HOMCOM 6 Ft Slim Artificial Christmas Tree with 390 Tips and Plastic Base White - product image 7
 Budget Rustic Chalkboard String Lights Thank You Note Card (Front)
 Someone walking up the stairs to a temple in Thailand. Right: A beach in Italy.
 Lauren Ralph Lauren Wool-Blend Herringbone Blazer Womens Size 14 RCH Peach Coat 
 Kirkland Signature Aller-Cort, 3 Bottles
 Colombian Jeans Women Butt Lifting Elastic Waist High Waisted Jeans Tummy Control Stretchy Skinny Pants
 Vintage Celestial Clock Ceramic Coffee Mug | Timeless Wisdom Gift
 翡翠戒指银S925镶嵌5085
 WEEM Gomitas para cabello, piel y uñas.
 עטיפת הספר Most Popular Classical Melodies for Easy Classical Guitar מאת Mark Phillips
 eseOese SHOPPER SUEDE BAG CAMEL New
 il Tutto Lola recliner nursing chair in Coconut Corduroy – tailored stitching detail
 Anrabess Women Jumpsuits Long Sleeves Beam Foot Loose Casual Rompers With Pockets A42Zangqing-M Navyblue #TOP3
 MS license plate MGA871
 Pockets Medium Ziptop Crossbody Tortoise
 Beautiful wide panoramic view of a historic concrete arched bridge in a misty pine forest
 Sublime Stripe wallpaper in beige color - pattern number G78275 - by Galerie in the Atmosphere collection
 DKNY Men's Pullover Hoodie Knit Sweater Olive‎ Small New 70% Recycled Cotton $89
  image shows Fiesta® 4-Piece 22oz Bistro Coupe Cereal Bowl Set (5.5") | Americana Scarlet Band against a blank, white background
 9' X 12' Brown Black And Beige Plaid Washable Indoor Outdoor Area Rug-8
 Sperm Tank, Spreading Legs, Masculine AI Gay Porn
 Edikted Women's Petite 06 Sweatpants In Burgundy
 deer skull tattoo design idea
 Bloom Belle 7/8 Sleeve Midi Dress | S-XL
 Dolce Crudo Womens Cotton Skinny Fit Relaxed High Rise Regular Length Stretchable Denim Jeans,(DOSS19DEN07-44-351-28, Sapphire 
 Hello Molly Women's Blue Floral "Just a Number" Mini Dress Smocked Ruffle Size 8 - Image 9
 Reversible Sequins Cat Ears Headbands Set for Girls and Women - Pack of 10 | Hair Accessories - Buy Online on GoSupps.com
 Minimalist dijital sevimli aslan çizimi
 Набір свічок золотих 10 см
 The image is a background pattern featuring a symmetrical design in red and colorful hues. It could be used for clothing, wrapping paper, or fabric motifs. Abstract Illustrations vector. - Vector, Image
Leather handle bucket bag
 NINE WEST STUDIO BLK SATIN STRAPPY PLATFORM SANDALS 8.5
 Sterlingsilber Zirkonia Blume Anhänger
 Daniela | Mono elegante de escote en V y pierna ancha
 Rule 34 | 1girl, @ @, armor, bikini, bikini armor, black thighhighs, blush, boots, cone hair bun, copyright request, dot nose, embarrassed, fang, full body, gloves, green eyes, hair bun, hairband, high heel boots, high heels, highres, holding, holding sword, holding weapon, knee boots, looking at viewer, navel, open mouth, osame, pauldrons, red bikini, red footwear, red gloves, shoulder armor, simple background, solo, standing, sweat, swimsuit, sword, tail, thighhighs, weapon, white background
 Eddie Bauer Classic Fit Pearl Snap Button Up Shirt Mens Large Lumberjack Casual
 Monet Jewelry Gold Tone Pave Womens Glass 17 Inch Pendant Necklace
====================
- [Action item]: Word for word, restate the lines above from the line containing "NINE WEST STUDIO" through the line containing "Daniela | Mono", with both included and nothing else.

- [Response to the exercise]:
 NINE WEST STUDIO BLK SATIN STRAPPY PLATFORM SANDALS 8.5
 Sterlingsilber Zirkonia Blume Anhänger
 Daniela | Mono elegante de escote en V y pierna ancha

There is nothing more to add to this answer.